Wann wirkt Kollagen, und in welcher Dosis?
- Dosis: Die meisten Studien verwendeten täglich 2,5–10 g hydrolysierte Kollagenpeptide; es gibt keine Belege dafür, dass eine höhere Dosis bessere Ergebnisse bringt.
- Dauer: In der Meta-Analyse von 2023 war eine Anwendung über mehr als 8 Wochen günstiger als eine kürzere; die meisten Studien dauerten 8 oder 12 Wochen.
- Quelle: Zwischen Kollagen aus Fisch, Rind oder Schwein wurde kein Ergebnisunterschied gezeigt.
- Sicherheit: In den randomisierten Studien wurden keine schweren Nebenwirkungen berichtet; die häufigste Beschwerde ist leichtes Magen-Darm-Unwohlsein.
Diese Angaben fassen die in den Studien verwendeten Protokolle zusammen; sie sind keine persönliche Empfehlung. Sprechen Sie vor der Einnahme eines Präparats mit Ihrer Ärztin oder Ihrem Arzt.

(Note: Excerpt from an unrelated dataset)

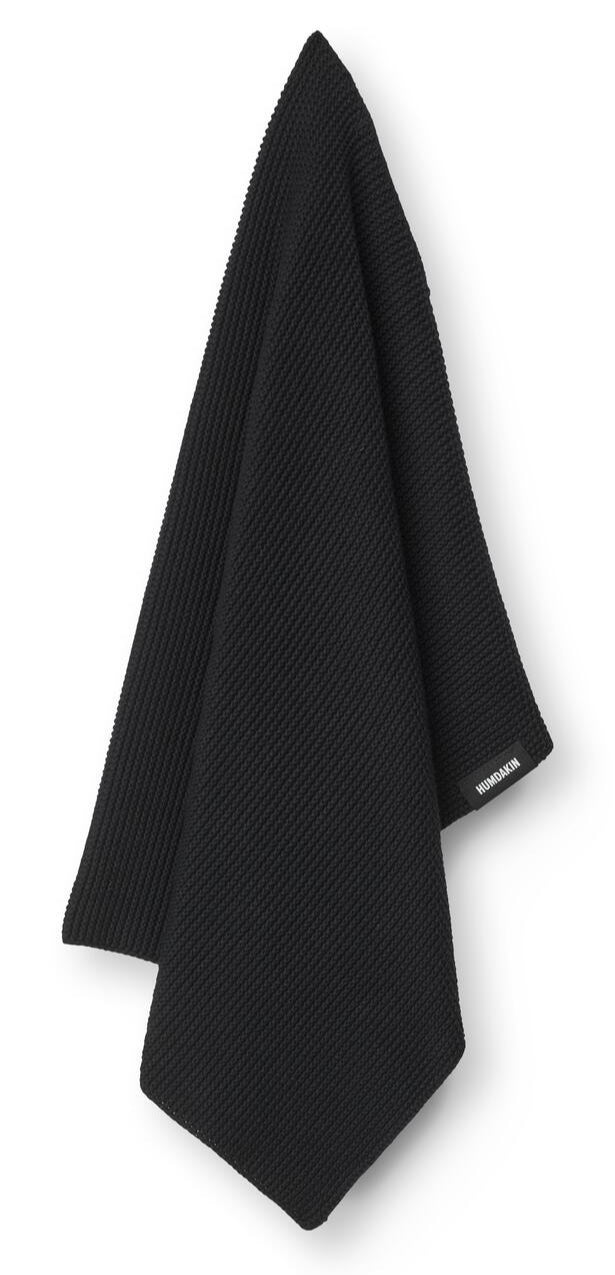 Strikket køkkenhåndklæde - Coal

Was Sie vor der Einnahme eines Präparats wirklich wissen sollten
Der Kollagenhaushalt ist ein Verhältnis von Aufbau und Abbau. Ultraviolettes Licht, Rauchen und eine zuckerreiche Ernährung sind die am besten belegten Beschleuniger des Kollagenabbaus. Keine Studie zeigt, dass ein Präparat diesen Abbau ausgleicht. Täglicher Breitspektrum-Sonnenschutz allein bietet einen größeren und beständigeren Schutz, als orales Kollagen bisher zeigen konnte. Ein Kollagenpräparat ist eine kleine Ergänzung, über die man erst nachdenkt, wenn diese Grundlage steht.
Ergebnis
Kollagenpräparate „erreichen“ die Haut tatsächlich, aber nicht als Kollagen, sondern als Peptidsignale, die Fibroblasten anregen. Gepoolte Analysen randomisierter Studien zeigen eine kleine, aber statistisch echte Verbesserung von Feuchtigkeit und Elastizität; beschränkt auf unabhängige Studien verschwindet dieser Effekt. Aussagen zu Falten eilen der Evidenz voraus. Wer seine Erwartung danach ausrichtet, wird nicht enttäuscht: Kollagen stoppt die Hautalterung nicht, es ist ein messbarer, aber kleiner Beitrag.
Quellen
- Pu SY, Huang YL, Pu CM, ve ark. Effects of Oral Collagen for Skin Anti-Aging: A Systematic Review and Meta-Analysis. Nutrients. 2023;15(9):2080. PMID 37432180
- Myung SK, Park Y. Effects of Collagen Supplements on Skin Aging: A Systematic Review and Meta-Analysis of Randomized Controlled Trials. Am J Med. 2025;138(9):1264-1277. PMID 40324552
- de Miranda RB, Weimer P, Rossi RC. Effects of hydrolyzed collagen supplementation on skin aging: a systematic review and meta-analysis. Int J Dermatol. 2021;60(12):1449-1461. PMID 33742704
- Proksch E, Segger D, Degwert J, ve ark. Oral supplementation of specific collagen peptides has beneficial effects on human skin physiology: a double-blind, placebo-controlled study. Skin Pharmacol Physiol. 2014;27(1):47-55. PMID 23949208
- Iwai K, Hasegawa T, Taguchi Y, ve ark. Identification of food-derived collagen peptides in human blood after oral ingestion of gelatin hydrolysates. J Agric Food Chem. 2005;53(16):6531-6536. PMID 16076145
- Shigemura Y, Iwai K, Morimatsu F, ve ark. Effect of Prolyl-hydroxyproline (Pro-Hyp), a food-derived collagen peptide in human blood, on growth of fibroblasts from mouse skin. J Agric Food Chem. 2009;57(2):444-449. PMID 19128041
Dieser Beitrag dient nur der Information; er ist keine Diagnose- oder Behandlungsempfehlung. Wenden Sie sich für persönliche Entscheidungen an Ihre Ärztin oder Ihren Arzt.